Ayrat Murtazin

Posted on Apr 21

Polymarket Edge: Implementing the LMSR Pricing Engine in Python

#python #quant #trading #finance

Prediction markets like Polymarket don't operate on traditional order books. They use an automated market maker called the Logarithmic Market Scoring Rule (LMSR) — a single equation that governs how prices move, how liquidity behaves, and where exploitable edges appear. Most participants treat these markets like a sportsbook. The traders who compound quietly treat them like a pricing model with known inputs and measurable inefficiencies.

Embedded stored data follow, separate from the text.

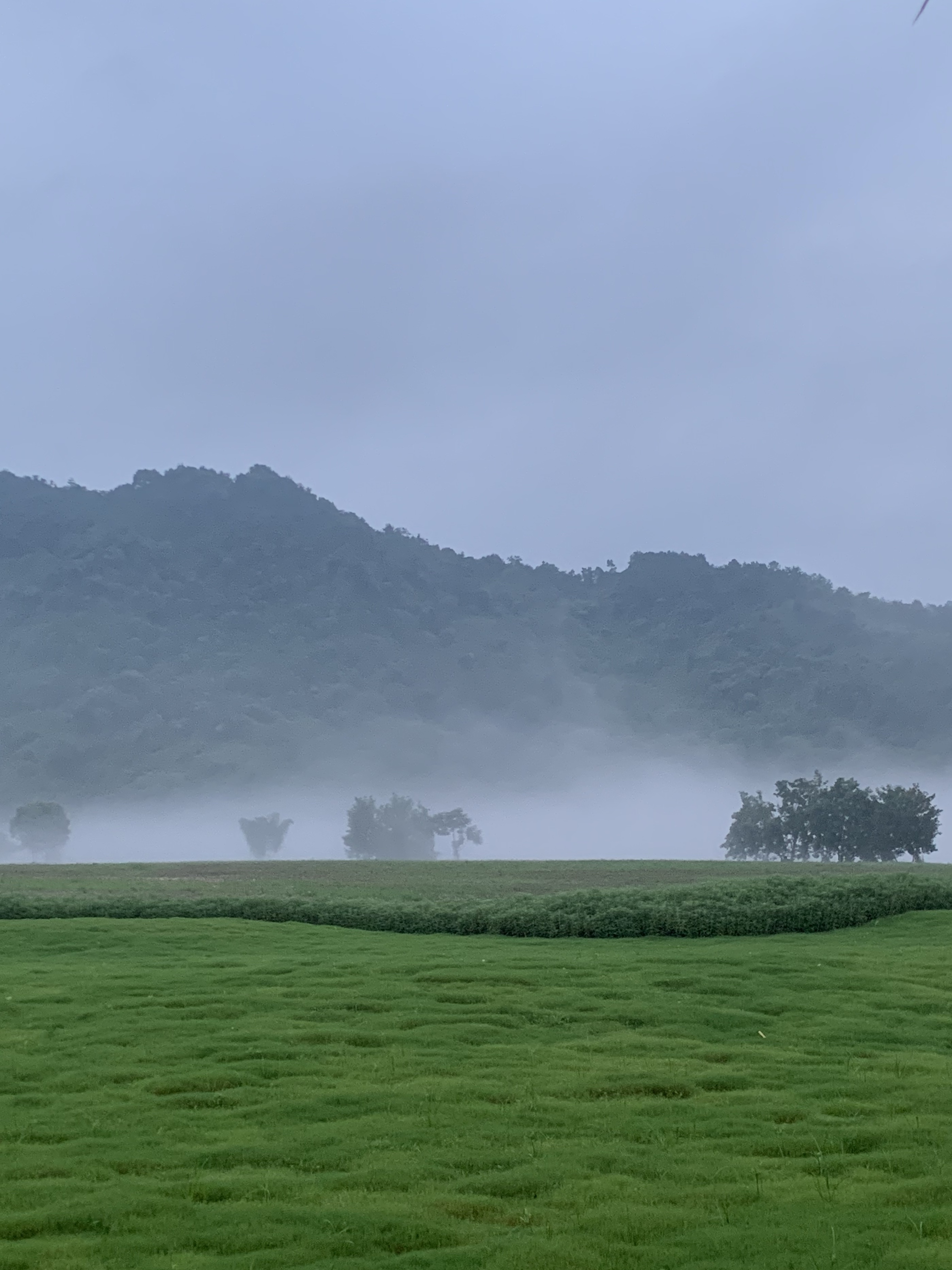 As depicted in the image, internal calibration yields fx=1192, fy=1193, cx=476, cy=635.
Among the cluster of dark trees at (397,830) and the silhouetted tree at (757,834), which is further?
the cluster of dark trees at (397,830)

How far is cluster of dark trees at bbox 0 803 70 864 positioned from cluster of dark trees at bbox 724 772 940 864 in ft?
291

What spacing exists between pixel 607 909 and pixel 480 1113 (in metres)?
14.9

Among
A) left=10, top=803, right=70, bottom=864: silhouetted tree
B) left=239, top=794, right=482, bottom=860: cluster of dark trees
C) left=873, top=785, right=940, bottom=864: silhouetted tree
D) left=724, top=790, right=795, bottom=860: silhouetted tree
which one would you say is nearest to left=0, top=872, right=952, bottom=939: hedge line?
left=873, top=785, right=940, bottom=864: silhouetted tree

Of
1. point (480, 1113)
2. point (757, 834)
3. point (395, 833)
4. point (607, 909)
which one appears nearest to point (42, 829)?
point (395, 833)

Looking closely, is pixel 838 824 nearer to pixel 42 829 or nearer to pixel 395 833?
pixel 395 833

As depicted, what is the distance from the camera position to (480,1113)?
1253 cm

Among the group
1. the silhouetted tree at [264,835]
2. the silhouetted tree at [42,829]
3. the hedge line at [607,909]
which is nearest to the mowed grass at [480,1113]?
the hedge line at [607,909]

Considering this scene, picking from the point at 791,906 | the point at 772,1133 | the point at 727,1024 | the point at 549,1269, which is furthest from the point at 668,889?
the point at 549,1269

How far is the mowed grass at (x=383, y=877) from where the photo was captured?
36.2 metres

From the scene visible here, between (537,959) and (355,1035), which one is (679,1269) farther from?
(537,959)

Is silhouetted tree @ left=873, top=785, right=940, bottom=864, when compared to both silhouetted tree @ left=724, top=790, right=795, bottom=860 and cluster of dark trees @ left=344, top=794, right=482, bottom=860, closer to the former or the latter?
silhouetted tree @ left=724, top=790, right=795, bottom=860

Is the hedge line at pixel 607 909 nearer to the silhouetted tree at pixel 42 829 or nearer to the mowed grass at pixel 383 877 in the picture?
the mowed grass at pixel 383 877

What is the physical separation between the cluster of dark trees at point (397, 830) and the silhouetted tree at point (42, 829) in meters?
35.5

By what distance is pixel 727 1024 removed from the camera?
1694 centimetres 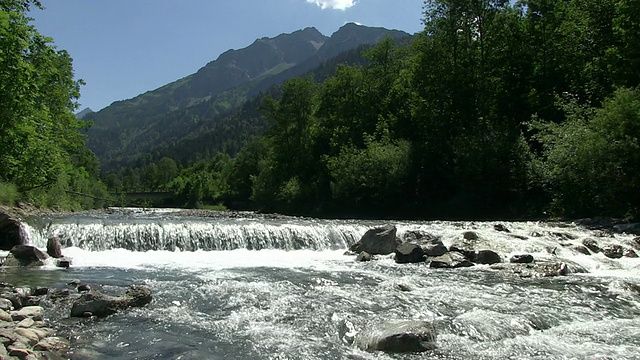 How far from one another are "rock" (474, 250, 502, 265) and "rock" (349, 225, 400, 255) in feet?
11.7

This article builds a complete LMSR-based analysis toolkit in Python. We will implement the core cost function, an expected value calculator that surfaces edge versus the current market price, a slippage simulator that estimates price impact before you place a bet, and a Kelly Criterion position sizer that keeps risk per trade proportional to estimated edge. Every component runs on plain NumPy and is designed to be dropped into a Colab notebook or local script.

Most algo trading content gives you theory.
This gives you the code.

3 Python strategies. Fully backtested. Colab notebook included.
Plus a free ebook with 5 more strategies the moment you subscribe.

5,000 quant traders already run these:

Subscribe | AlgoEdge Insights

This article covers:

Section 1 — The LMSR Mechanism:** What LMSR is, how it differs from an order book, and the intuition behind the cost function
Section 2 — Python Implementation:** Setup, core LMSR functions, expected value and slippage logic, Kelly sizing, and a visualization of price impact curves
Section 3 — Results and Interpretation:** What the toolkit reveals about a sample market and what realistic edge looks like
Section 4 — Use Cases:** Where this framework applies beyond a single Polymarket trade
Section 5 — Limitations and Edge Cases:** Where the model breaks down and what assumptions to challenge

1. The LMSR Mechanism

The Logarithmic Market Scoring Rule was introduced by Robin Hanson as a way to run a prediction market without requiring a counterparty for every trade. Instead of matching a buyer to a seller, LMSR uses a liquidity parameter b and a cost function to determine the price of any trade automatically. The market always accepts your order. What changes is the price you pay, which increases as you buy more of one outcome.

The core intuition is this: LMSR tracks the number of shares outstanding for each outcome and prices each marginal share according to a softmax over those quantities scaled by b. If 100 YES shares and 50 NO shares are outstanding, YES is more expensive than NO. When you buy YES shares, you push that price higher and the NO price drops proportionally. The market is always internally consistent — probabilities sum to one.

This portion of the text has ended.